* _Collected material_
┄┄┄┄┄┄┄┄┄┄┄┄┄┄┄┄┄┄┄┄
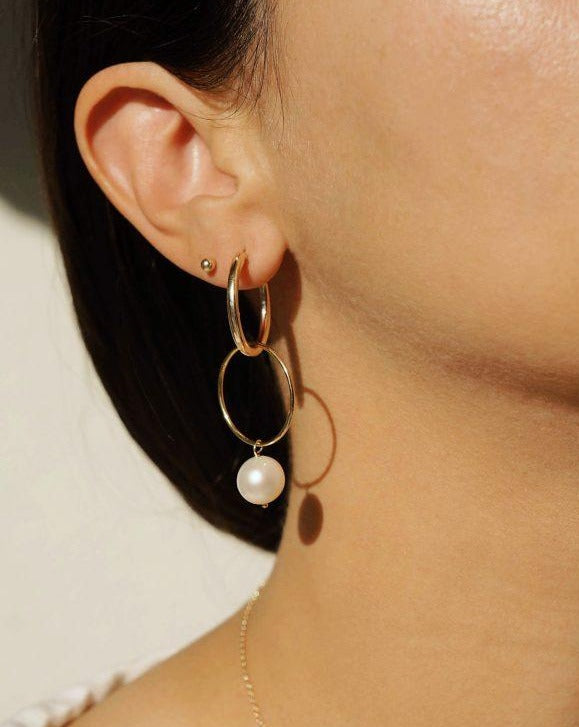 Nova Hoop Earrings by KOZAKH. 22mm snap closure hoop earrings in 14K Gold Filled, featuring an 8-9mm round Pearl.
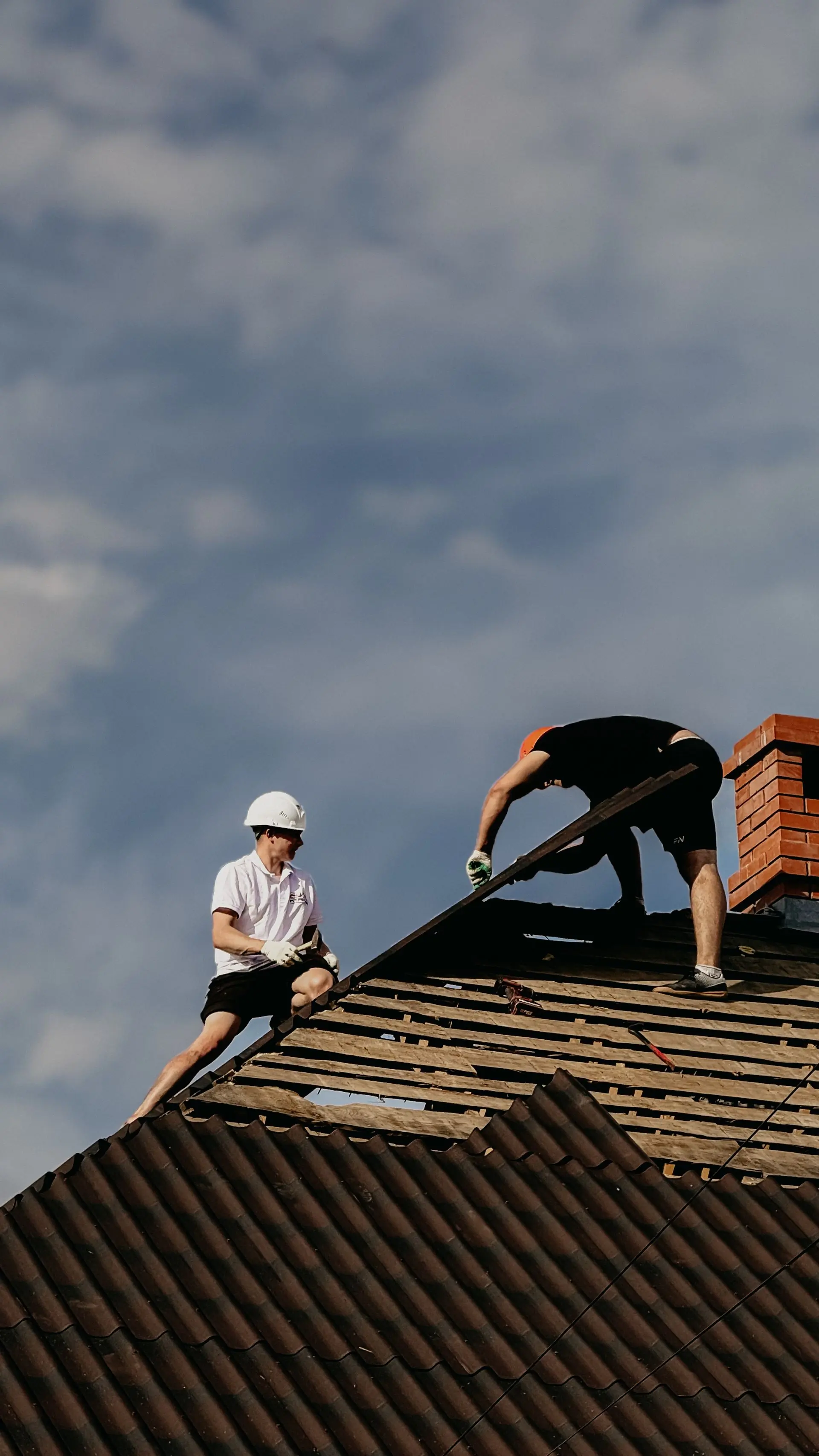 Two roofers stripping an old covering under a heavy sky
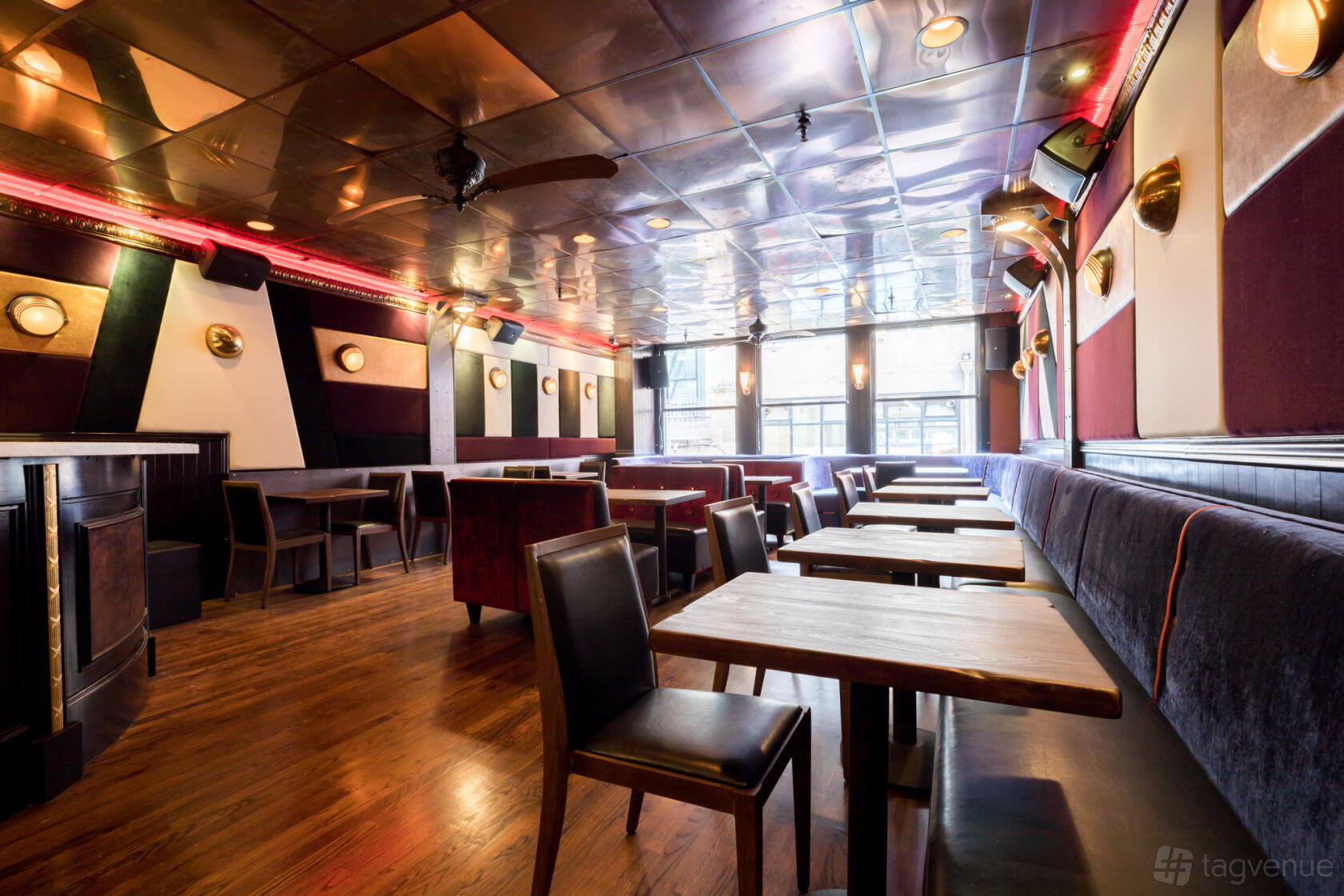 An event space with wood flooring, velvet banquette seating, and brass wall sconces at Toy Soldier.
┄┄┄┄┄┄┄┄┄┄┄┄┄┄┄┄┄┄┄┄
* _Your objective_
Return the listing verbatim, pictures excluded.

* _Reply to the task_
 Nova Hoop Earrings by KOZAKH. 22mm snap closure hoop earrings in 14K Gold Filled, featuring an 8-9mm round Pearl.
 Two roofers stripping an old covering under a heavy sky
 An event space with wood flooring, velvet banquette seating, and brass wall sconces at Toy Soldier.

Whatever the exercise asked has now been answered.